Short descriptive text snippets
◆ ◆ ◆
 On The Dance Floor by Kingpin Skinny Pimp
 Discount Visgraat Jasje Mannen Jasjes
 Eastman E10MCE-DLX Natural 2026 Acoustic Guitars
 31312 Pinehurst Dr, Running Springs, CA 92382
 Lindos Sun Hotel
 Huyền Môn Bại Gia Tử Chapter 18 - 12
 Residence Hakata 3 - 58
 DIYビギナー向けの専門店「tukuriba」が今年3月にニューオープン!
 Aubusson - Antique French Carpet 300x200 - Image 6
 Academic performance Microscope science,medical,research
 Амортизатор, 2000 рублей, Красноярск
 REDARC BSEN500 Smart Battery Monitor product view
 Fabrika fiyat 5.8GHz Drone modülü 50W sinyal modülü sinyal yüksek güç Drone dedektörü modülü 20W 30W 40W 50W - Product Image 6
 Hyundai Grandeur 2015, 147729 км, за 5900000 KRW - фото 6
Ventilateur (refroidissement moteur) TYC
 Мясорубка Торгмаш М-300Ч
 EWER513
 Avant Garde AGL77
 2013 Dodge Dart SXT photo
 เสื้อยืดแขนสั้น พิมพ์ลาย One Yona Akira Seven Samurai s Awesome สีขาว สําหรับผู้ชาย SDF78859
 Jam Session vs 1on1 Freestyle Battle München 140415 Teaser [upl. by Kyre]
◆ ◆ ◆
§ **YOUR OBJECTIVE**
Pick every line of the data that includes the string "Image".

§ **RESPONSE**
 Aubusson - Antique French Carpet 300x200 - Image 6
 Fabrika fiyat 5.8GHz Drone modülü 50W sinyal modülü sinyal yüksek güç Drone dedektörü modülü 20W 30W 40W 50W - Product Image 6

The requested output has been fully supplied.